Eugene Ely it was who first put an airplane down upon a carrier deck, just a little over a hundred years ago. Butch O’Hare shot down three Betty bombers – and damaged two others – who were targeting USS Lexington on the unopposed side, saving the ship and thousands of his shipmates, while earning our first ever Medal of Honor. He was trained by Jimmy Thach, who turned a performance disadvantage into a winning tactic, setting the example for generations of innovators. His soul has gone on to meet its reward, but his spirit is with us still.
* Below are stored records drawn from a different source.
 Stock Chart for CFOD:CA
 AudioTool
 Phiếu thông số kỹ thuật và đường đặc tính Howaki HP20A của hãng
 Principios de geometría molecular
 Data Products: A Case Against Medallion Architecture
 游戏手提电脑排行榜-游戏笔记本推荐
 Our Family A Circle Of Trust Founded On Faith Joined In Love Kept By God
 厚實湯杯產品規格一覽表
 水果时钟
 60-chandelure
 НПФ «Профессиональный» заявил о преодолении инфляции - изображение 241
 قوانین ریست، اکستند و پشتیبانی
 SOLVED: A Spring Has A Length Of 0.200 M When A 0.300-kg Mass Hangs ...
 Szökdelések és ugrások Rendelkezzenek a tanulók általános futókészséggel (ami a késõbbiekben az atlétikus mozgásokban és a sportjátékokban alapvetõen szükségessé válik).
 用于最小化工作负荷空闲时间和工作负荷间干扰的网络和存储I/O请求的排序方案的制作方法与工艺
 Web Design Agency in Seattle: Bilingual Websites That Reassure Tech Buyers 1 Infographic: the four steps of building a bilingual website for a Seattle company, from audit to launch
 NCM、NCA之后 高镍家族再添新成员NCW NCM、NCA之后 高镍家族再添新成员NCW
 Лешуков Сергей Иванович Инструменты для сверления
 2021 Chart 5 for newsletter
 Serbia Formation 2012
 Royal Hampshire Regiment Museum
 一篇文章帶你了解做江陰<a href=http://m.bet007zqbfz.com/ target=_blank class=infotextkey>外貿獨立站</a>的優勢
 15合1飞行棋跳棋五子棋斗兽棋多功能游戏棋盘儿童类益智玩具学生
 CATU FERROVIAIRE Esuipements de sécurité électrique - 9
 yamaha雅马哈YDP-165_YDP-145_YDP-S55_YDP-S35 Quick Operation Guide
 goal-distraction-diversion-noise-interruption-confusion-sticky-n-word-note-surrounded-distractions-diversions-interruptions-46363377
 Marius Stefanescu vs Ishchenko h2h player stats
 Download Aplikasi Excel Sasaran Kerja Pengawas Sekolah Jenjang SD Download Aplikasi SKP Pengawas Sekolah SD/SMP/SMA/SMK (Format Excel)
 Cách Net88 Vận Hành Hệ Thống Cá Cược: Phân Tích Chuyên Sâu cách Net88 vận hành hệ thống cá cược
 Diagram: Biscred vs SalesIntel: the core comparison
Pappy Boyington taught the young kids how to fight in the Solomons, and later paid his rent as a guest of Imperial Japan. Joe Foss got his kills at Guadalcanal, and helped protect the grunts from adding to the butcher’s bill.

Jessie Brown broke the color line to serve a country that didn’t yet deserve him in the Korean War, and paid for it with his life. Thomas Hudner crashed his airplane alongside him, behind enemy lines, trying to save his life. He also earned the MoH.  John Koelsch gave his life so that another might live. Clyde Lassen learned his example a decade or so later.

Jim Stockdale earned his ribbon refusing to submit to the North Vietnamese. Mike Estocin understood the concept of being on “government time” over Haiphong. He went missing because of it, his fate known to God alone.

It’s a lot to live up to.

But they all came from somewhere. Ely came from Davenport, Iowa. O’Hare from Saint Louis. Thach from Pine Bluff, Arkansas. Pappy from Coeur D’Alene. Foss from Sioux Falls, South Dakota. Jessie Brown from the hard hate of Hattiesburg, MS. Hudner from Fall River, Mass. Jack Koelsch from London, England. Lassen from Fort Myers, FL. Admiral Stockdale from Abingdon, IL. Estocin from Turtle Creek, PA.

Flyover country, mostly.  Not the kinds of places that send kids to Harvard or Yale. Apart from Koelsch. Who came from the old country for reasons of his own, and gave his life for one of his adopted brothers.

Where do we grow the next crop? How do we reach them?